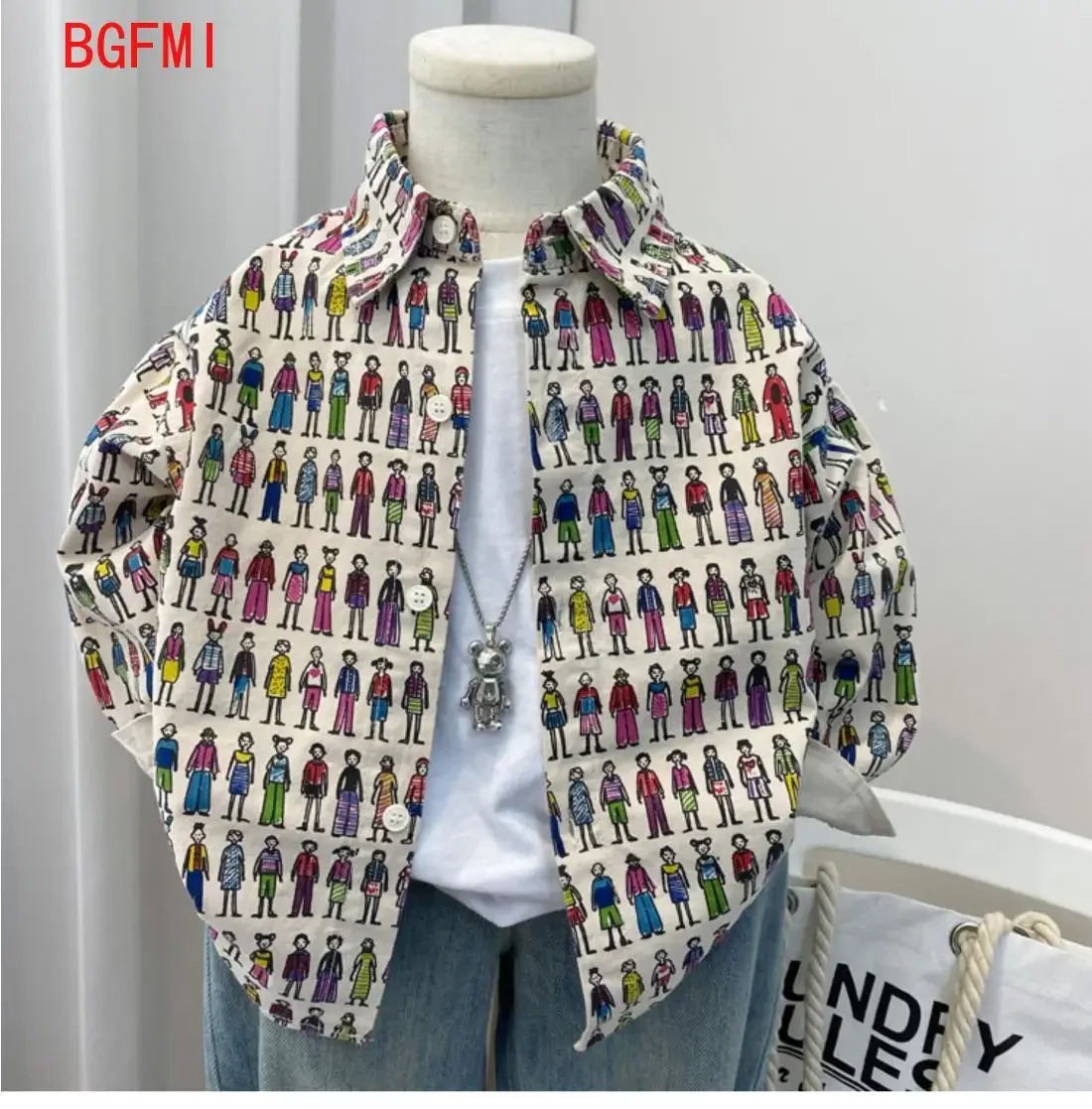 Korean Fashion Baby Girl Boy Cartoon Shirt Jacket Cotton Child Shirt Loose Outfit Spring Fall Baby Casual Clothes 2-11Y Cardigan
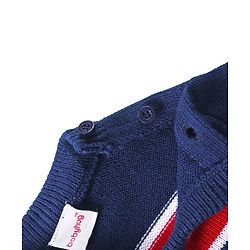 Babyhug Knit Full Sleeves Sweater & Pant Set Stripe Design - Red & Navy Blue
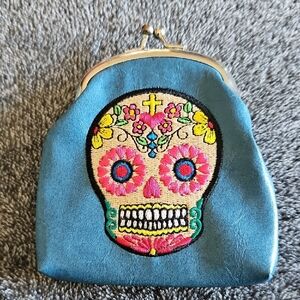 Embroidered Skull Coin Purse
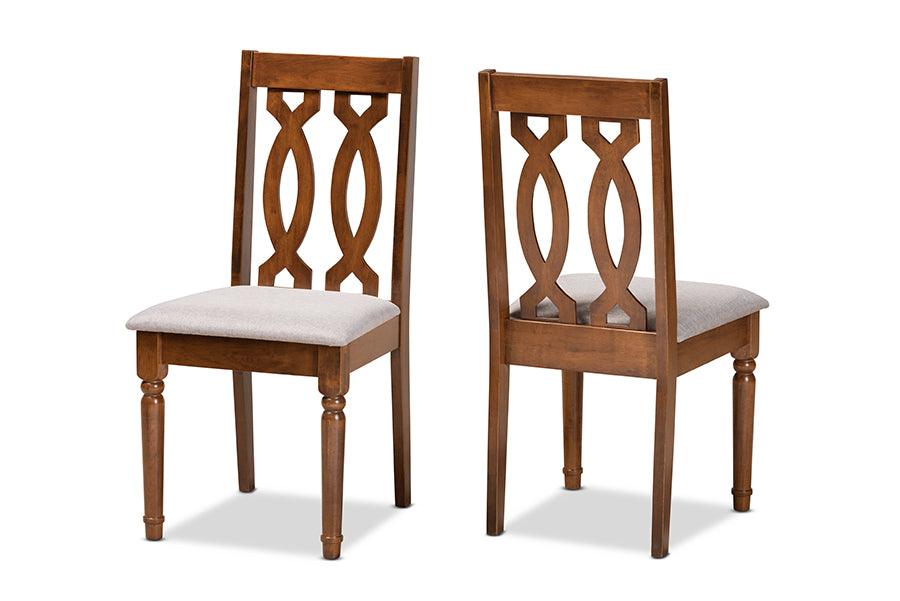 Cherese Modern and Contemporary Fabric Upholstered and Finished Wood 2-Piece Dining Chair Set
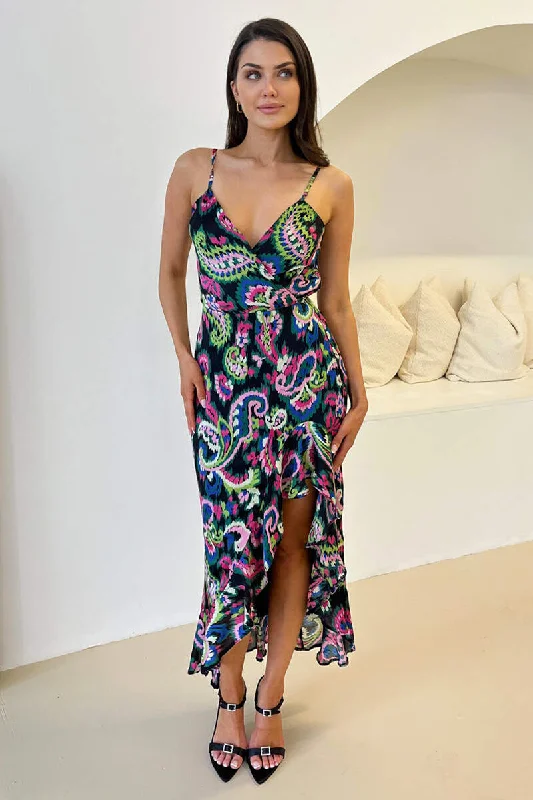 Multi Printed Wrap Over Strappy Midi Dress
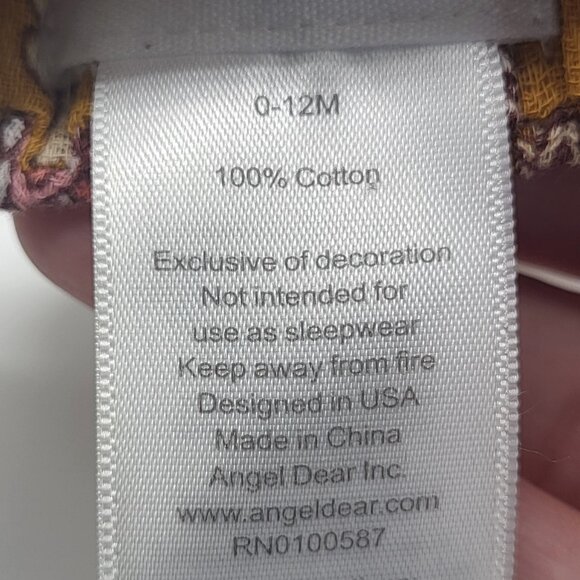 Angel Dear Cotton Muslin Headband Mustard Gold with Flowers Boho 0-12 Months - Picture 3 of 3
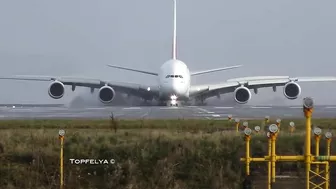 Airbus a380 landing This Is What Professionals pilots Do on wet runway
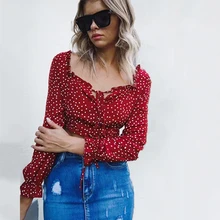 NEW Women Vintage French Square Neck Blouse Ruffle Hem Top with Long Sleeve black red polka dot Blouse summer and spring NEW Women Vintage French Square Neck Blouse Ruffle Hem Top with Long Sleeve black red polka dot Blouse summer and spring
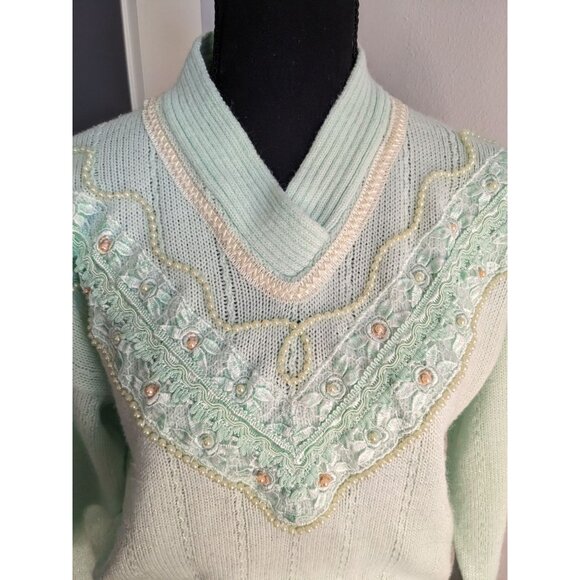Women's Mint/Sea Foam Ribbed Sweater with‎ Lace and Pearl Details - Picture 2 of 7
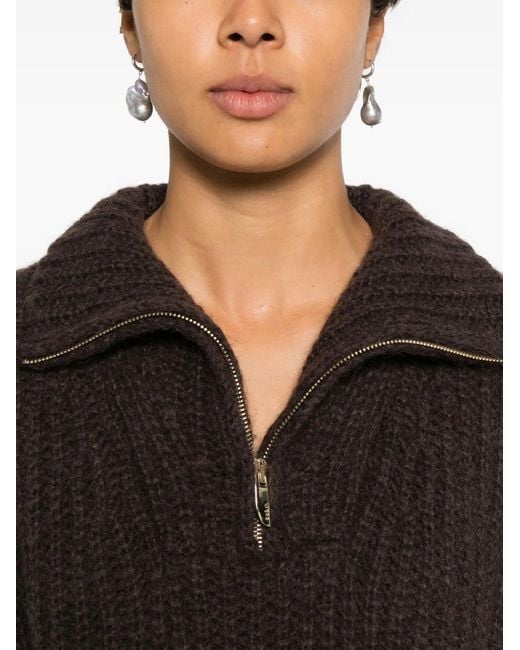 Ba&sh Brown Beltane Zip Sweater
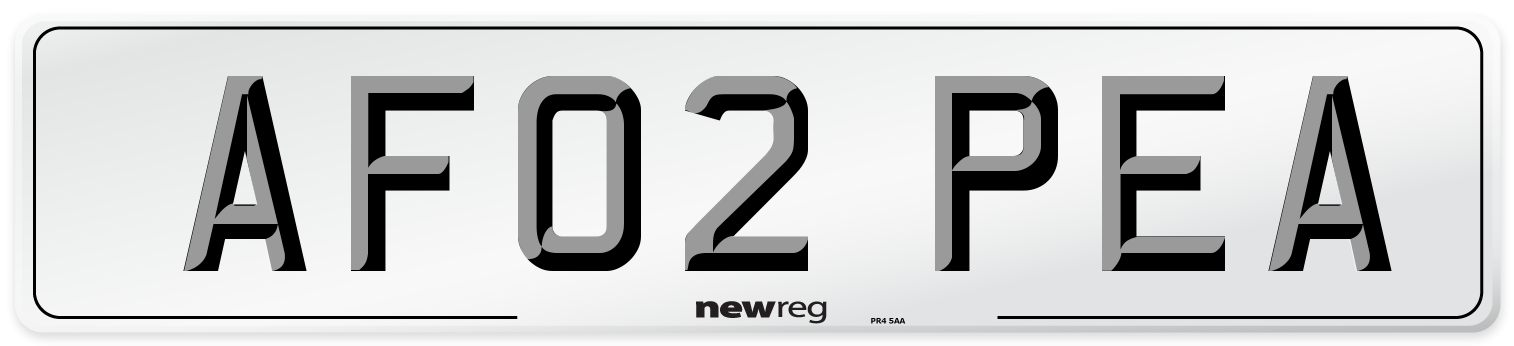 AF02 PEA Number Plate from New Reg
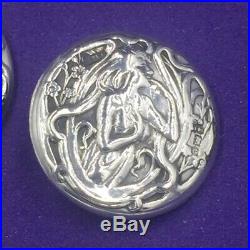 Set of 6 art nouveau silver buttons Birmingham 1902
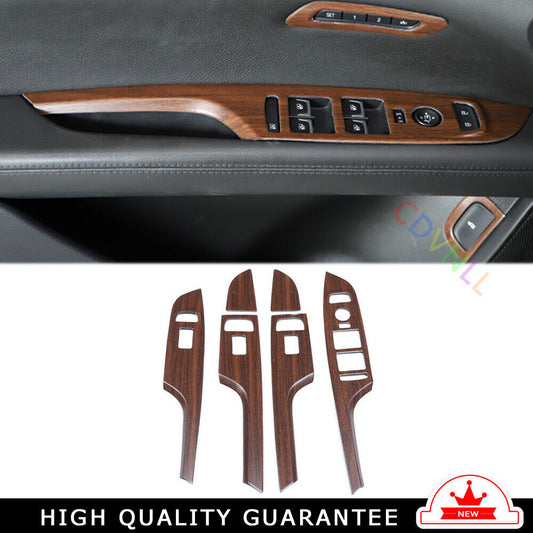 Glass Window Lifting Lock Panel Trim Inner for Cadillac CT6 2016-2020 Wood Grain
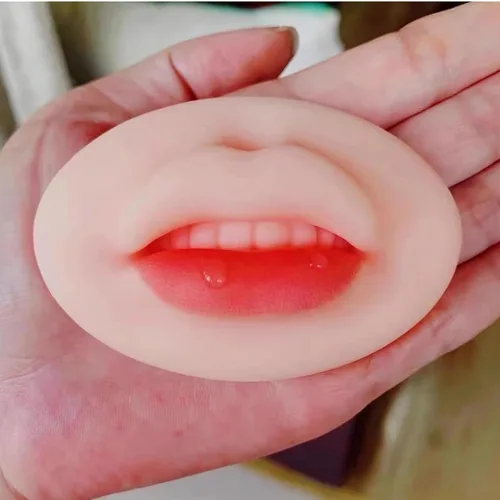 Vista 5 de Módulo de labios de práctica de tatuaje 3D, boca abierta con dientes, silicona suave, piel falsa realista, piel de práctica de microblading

┄┄┄┄┄┄┄┄┄┄┄┄┄┄┄┄┄┄┄┄

▶ [Problem requirements]:
If a record contains a picture, leave the picture out and return everything else exactly.

▶ [Your response]:
 Korean Fashion Baby Girl Boy Cartoon Shirt Jacket Cotton Child Shirt Loose Outfit Spring Fall Baby Casual Clothes 2-11Y Cardigan
 Babyhug Knit Full Sleeves Sweater & Pant Set Stripe Design - Red & Navy Blue
 Embroidered Skull Coin Purse
 Cherese Modern and Contemporary Fabric Upholstered and Finished Wood 2-Piece Dining Chair Set
 Multi Printed Wrap Over Strappy Midi Dress
 Angel Dear Cotton Muslin Headband Mustard Gold with Flowers Boho 0-12 Months - Picture 3 of 3
 Airbus a380 landing This Is What Professionals pilots Do on wet runway
 NEW Women Vintage French Square Neck Blouse Ruffle Hem Top with Long Sleeve black red polka dot Blouse summer and spring NEW Women Vintage French Square Neck Blouse Ruffle Hem Top with Long Sleeve black red polka dot Blouse summer and spring
Women's Mint/Sea Foam Ribbed Sweater with‎ Lace and Pearl Details - Picture 2 of 7
 Ba&sh Brown Beltane Zip Sweater
 AF02 PEA Number Plate from New Reg
 Set of 6 art nouveau silver buttons Birmingham 1902
 Glass Window Lifting Lock Panel Trim Inner for Cadillac CT6 2016-2020 Wood Grain
 Vista 5 de Módulo de labios de práctica de tatuaje 3D, boca abierta con dientes, silicona suave, piel falsa realista, piel de práctica de microblading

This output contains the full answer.